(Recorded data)
--------------------------------------------------

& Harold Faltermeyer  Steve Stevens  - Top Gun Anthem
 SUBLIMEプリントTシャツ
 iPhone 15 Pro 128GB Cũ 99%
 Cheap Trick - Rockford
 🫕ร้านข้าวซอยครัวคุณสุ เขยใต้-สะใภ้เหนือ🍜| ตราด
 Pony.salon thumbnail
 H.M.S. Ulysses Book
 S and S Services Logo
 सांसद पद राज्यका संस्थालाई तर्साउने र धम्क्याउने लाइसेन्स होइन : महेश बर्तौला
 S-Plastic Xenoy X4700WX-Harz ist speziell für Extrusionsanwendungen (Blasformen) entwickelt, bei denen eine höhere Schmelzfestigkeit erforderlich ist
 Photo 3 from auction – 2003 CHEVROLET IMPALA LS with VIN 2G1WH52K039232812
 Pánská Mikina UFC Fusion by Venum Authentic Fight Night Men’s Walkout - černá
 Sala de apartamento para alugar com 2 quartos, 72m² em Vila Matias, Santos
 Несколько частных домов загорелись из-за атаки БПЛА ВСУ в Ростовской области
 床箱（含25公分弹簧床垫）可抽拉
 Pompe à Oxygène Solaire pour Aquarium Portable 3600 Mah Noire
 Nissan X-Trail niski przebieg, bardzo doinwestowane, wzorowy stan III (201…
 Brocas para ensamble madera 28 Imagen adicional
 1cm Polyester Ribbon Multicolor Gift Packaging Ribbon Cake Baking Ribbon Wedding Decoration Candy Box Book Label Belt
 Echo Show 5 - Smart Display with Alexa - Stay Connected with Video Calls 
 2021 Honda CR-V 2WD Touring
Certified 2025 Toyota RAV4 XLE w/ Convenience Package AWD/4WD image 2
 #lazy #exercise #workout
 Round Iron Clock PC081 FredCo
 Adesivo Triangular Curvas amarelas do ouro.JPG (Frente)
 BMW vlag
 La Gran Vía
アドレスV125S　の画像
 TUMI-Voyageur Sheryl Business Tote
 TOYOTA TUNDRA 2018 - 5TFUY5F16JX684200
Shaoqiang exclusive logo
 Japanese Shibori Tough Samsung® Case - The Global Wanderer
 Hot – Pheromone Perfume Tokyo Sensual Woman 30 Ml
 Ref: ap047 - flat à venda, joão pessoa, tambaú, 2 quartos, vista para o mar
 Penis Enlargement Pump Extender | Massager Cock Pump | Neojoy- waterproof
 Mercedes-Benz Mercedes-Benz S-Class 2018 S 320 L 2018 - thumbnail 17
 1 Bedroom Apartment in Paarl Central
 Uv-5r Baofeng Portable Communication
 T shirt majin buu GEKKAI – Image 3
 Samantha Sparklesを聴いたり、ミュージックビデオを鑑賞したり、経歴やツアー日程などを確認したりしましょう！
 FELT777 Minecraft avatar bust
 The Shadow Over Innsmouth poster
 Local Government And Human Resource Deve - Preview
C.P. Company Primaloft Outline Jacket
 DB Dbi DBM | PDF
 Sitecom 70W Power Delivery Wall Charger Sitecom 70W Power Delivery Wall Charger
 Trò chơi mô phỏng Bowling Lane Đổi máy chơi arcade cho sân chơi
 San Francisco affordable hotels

--------------------------------------------------

#### [Assignment]
The answer consists solely of the lines from the one containing "1 Bedroom Apartment in Paarl Central" through the last line of the data above, reproduced exactly.

#### [Solution for this task]
 1 Bedroom Apartment in Paarl Central
 Uv-5r Baofeng Portable Communication
 T shirt majin buu GEKKAI – Image 3
 Samantha Sparklesを聴いたり、ミュージックビデオを鑑賞したり、経歴やツアー日程などを確認したりしましょう！
 FELT777 Minecraft avatar bust
 The Shadow Over Innsmouth poster
 Local Government And Human Resource Deve - Preview
C.P. Company Primaloft Outline Jacket
 DB Dbi DBM | PDF
 Sitecom 70W Power Delivery Wall Charger Sitecom 70W Power Delivery Wall Charger
 Trò chơi mô phỏng Bowling Lane Đổi máy chơi arcade cho sân chơi
 San Francisco affordable hotels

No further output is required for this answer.